* [The problem] The answer is to be the data below, written out in full and exactly.

* [Stored data]
-- -- --
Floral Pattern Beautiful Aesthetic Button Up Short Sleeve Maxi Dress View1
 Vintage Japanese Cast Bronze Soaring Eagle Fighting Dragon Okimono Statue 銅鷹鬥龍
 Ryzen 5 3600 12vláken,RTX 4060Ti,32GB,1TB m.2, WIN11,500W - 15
-- -- --
* [Response to the task]
Floral Pattern Beautiful Aesthetic Button Up Short Sleeve Maxi Dress View1
 Vintage Japanese Cast Bronze Soaring Eagle Fighting Dragon Okimono Statue 銅鷹鬥龍
 Ryzen 5 3600 12vláken,RTX 4060Ti,32GB,1TB m.2, WIN11,500W - 15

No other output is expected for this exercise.